Is this just an omission or is there a technical reason why it is hard (or incorrect?) to implement PartialEq
for BinaryHeap
?
I'm guessing it would be very unperformant because two observably indentical heaps could have very different internal structure.
Annoying though, when I need to write tests that compare structs which happen to contain heaps!
Agreed, the problem is probably that equality testing is not as easy as just comparing the two array elements.
However, I don't think it should be too bad: it could be done in O(N log N)
time as far as I understand: an O(1)
length check, and N lookups from the first heap into the second, each taking log(N) time.
The bigger problem, I would assume, is that it requires effectively random lookup for larger heaps compared to sequential iteration in the case of plain slices, which means it's not very cache-friendly.
If you only need it in tests, you could consider just comparing a.into_vec() == b.into_vec()
instead.
I don't think you can do an O(log(N))
lookup in a heap, because it's just in heap order (which takes O(n)
time to produce) not in binary-search-tree order (which takes O(n*log(n))
time to produce, since it's a sort).
Not when the BinaryHeap is nested somewhere in the struct I want to compare.
Now you made me wonder, and that might very well be right, I'm not sure anymore.
Would it instead be possible to produce a copy of both heaps such that only the subarrays representing each level are sorted? That sounds like strictly less than log(N) * N / 2 * log(N / 2)
operations, plus O(N)
for the comparison, so something like O(N log^2 N)
.
However, this analysis is just off the top of my head, and of course making two allocations sounds entirely inappropriate in a PartialEq
impl.
Trying to help convince myself is why I included the sorting complexity note Basically, if there was an O(n) way to arrange data such that one could do O(log n) contains checks, it'd probably be a standard technique by now. But binary search depends on fully-sorted, and there's a proof for comparison sorts being at best O(n log n).

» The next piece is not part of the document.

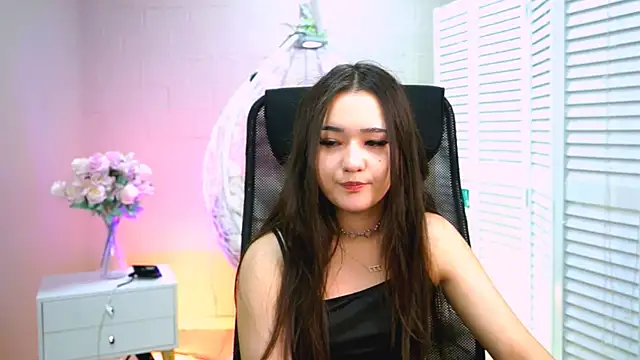 AmiMeow  online show from April 28, 2026, 8:41 am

I think if this were acceptable, then we'd just sort the copy, which brings things back to O(n log n) overall.
Then I think the easiest solution is to manually implement PartialEq
for the struct(s) that contain the BinaryHeap.

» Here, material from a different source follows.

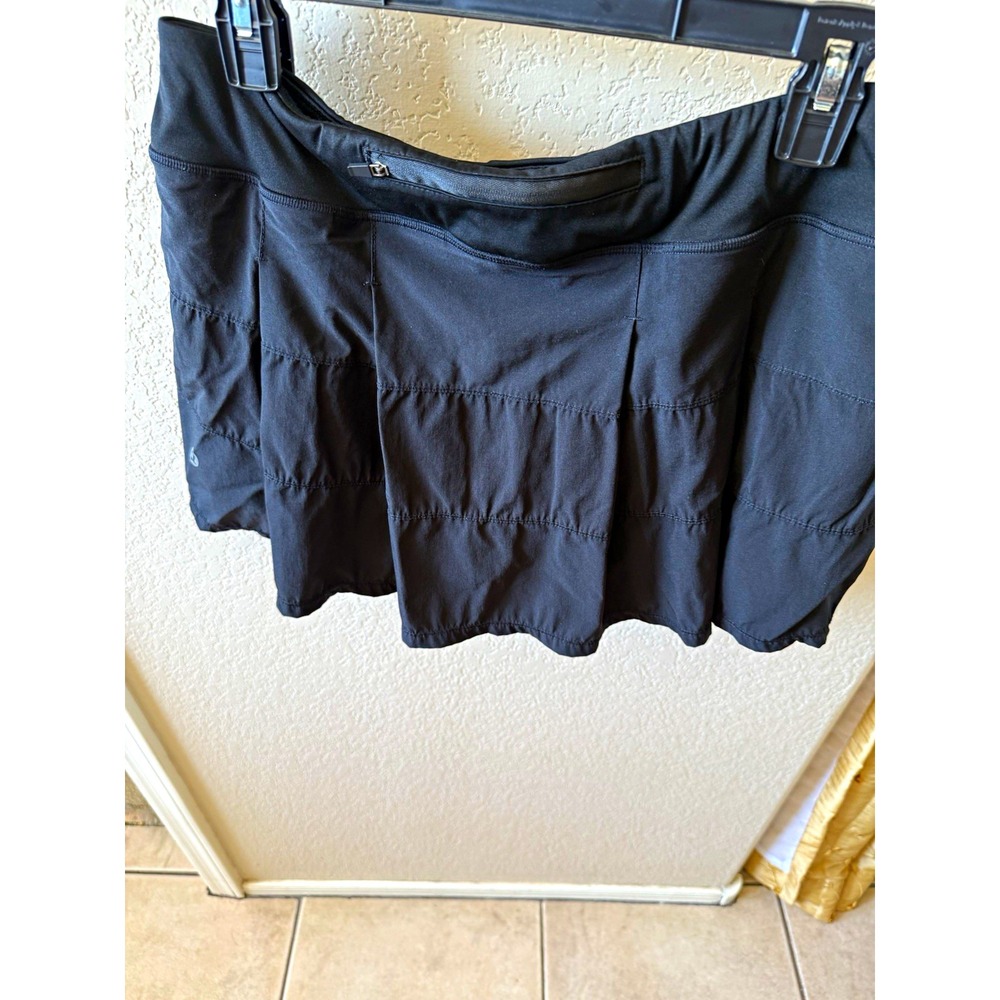 Lululemon Women's Black Athletic Skort Size 8 Pockets Zip Tennis Golf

Ideally it should be possible to just use derivative (or other custom derive crate) and derive a (cfg(test) only?) comparison function with a custom one specified for the binary heap field of the struct. Though I'm not sure if I'd myself judge the dependency to pull its weight.

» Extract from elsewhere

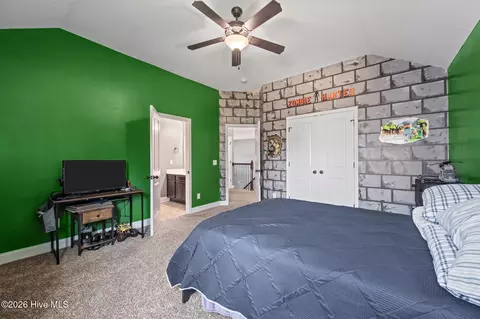 Bedroom - 317 Bear Run, Maple Hill, NC 28454 photo 6 of 9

I did something similar. I created a wrapper for BinaryHeap
:
pub struct ComparableBinaryHeap<T: Ord>(BinaryHeap<T>);
with Deref
and DerefMut
impls and then defined a PartialEq
impl only for tests:
#[cfg(test)]
impl<T: PartialEq + Ord> PartialEq for ComparableBinaryHeap<T> {
fn eq(&self, other: &Self) -> bool {
// ...
}
}
And, in the outermost struct, derived PartialEq
only for tests:
#[cfg_attr(test, derive(PartialEq))]
pub struct StructToTest {
heap: ComparableBinaryHeap<Foo>,
// fields omitted...
}
It's ugly, but makes the tests a lot less fragile.
I haven't used derivative
before but it looks like that approach would be much better, as I wouldn't have to define a mostly useless wrapper.
Yep. Much better! Thanks for the tip.
This topic was automatically closed 90 days after the last reply. New replies are no longer allowed.